Warmachine, Warhammer 40k, & Terrain Projects

Varnishing a Cygnar Army with Liquitex Gloss & Matte Varnish

As I need to varnish/seal an entire cygnar army… I’m trying various finishing techniques and I think I’ve found the best. I applied un-thinned liquitex gloss varnish first, and you can see the very glossy finish on the hunters in the picture to the right.

After waiting the recommended three hours between coats, I applied the matte varnish with the airbrush, and was impressed with the ability to control (roughly) where I wanted to dull down the varnish. In the picture below you can see where I sprayed the matte varnish to the blue armor area and left the metallic smoke stack glossy to preserve the metallic sheen.

The varnish feels very durable, handling the mini feels like a harder/more durable surface than the ‘raw’ acrylics, without being really apparent when looking. It also feels like there was never even a remote risk of frosting like with the aerosol cans.

 

5 responses

  1. roguefox89

    Hey there, I’ve looked over your site quite a few times when I was looking into information on brush on varnishes for my models, and needless to say your photos sold me on using the Liquitex products. I have been thoroughly pleased with the gloss and matte varnishes! In this article you have shown a bottle of the satin varnish and I was wondering if you have any info on that product? I have a few models that are highly metallic colored and I want to keep that type of sheen that metal has, but I’ve been feeling that the straight gloss is a bit too shiny/wet looking, so I’ve thought about getting the satin varnish to try out. Have any advice?

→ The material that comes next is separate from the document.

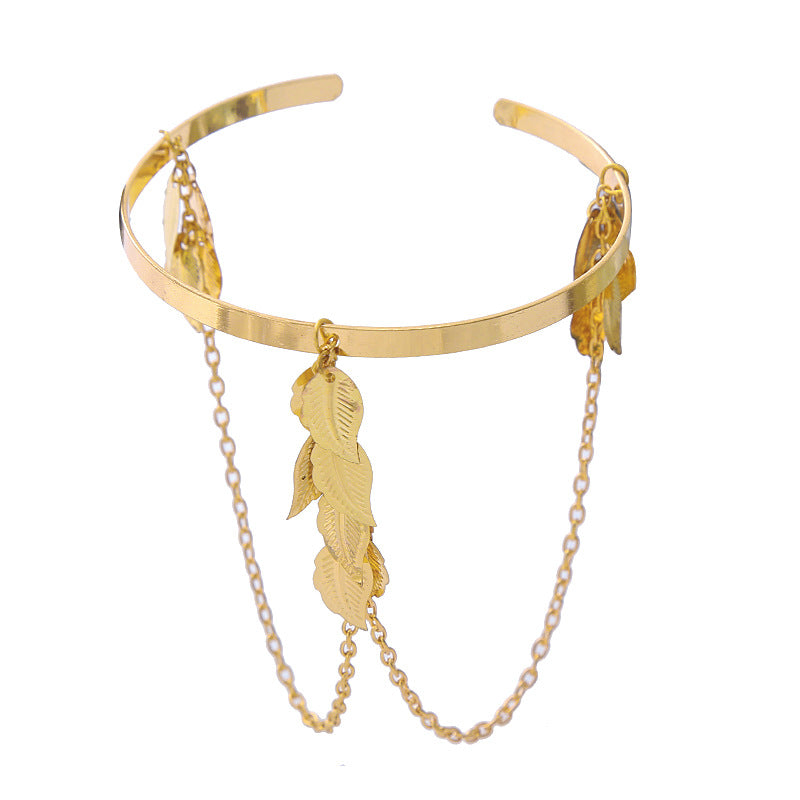 Metal Chain Leaves Armband Graceful Fashionable Street Bracelet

    September 5, 2011 at 11:49 am

    • I’ve continued using the Liquitex varnishes since the above post, and use gloss, satin, and matte. For the final ‘finish’ coat, lately I’ve been mixing the satin and the matte varnishes to ‘dial in’ the shine level.

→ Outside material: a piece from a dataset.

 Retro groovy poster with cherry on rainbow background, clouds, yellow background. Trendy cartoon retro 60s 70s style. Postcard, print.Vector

      1. The gloss varnish is always applied first for ‘toughness.’ For pieces that I really want to protect I spray on two coats, after which firm scratching from my fingernails doesn’t damage the acrylic paint underneath.
      2. Pure matte can leave the model looking a bit ‘dusty’ and can kill contrast. The bottom picture of the rhino is without matte varnish, while the top pictures are with the matte applied.
      3. As you said in your post, leaving the gloss can leave the finish looking wet. The guns in the Imperial Strong Point were left glossy, maybe too soo.
      4. A decent example of a mix (I think it was close to 50/50) of satin and matte is the dreadnought. I wanted to dreadnought to look ‘clean’ but not ‘shiny/wet.’ I’ve also tried straight satin, but for surfaces that are supposed to look like painted metal, it’s still a bit to shiny. For coverage over metal, satin might be a great choice. You can always try it, and if it’s too shiny add some matte to your mix and apply another coat. As long as you’re applying light coats, the worst case is that it’ll take another few hours (let it dry between coats!) but you’ll get a tougher protective finish.
      5. I finished a commander dante (gold metallics) with a 70/30 satin/matte varnish. Unfortunately I took the pictures before applying the varnish. The varnish actually helped smooth out the finish, preserved the metallic/reflective nature, and doesn’t look wet. I learned on this model that the GW metal models really need some milliput washes applied before the primer to avoid the grainy/rough texture.

      September 5, 2011 at 12:28 pm

  2. roguefox89

    Yea, I’ll definitely have to try the straight satin first and see how that turns out, then play around with mixes if need be. I do know what you mean though about that “dusty” type look from just a straight matte varnish, but I do find that its not as bad on my end, perhaps since I am painting it on as opposed to airbrushing it on. For the models in particular that I am working with is a armored “knight” type Reaper figure and an old GW Necron Lord, with the only non-metal bits being the facial skin/hair, capes and leather straps. For these areas I find that the dulling matte has worked pretty darn well. I hope to get a bottle within the next few days, so I can test it out and send you some links once I photograph the finished models.

    September 5, 2011 at 3:38 pm

  3. I know this is old, but are you thinning these at all? Your Rhino photo is what modelers call “frosting” which can happen with top coats that are not thinned properly, or room climate is wonky.

    September 28, 2014 at 6:10 pm

    • Are you talking about this rhino? It’s not frosted it’s just pure matte varnish. I’ve definitely run into varnish frosting before.

      According to the liquitex website, the varnishes I’m using should not be thinned.

      What varnish and thinning method do you recommend?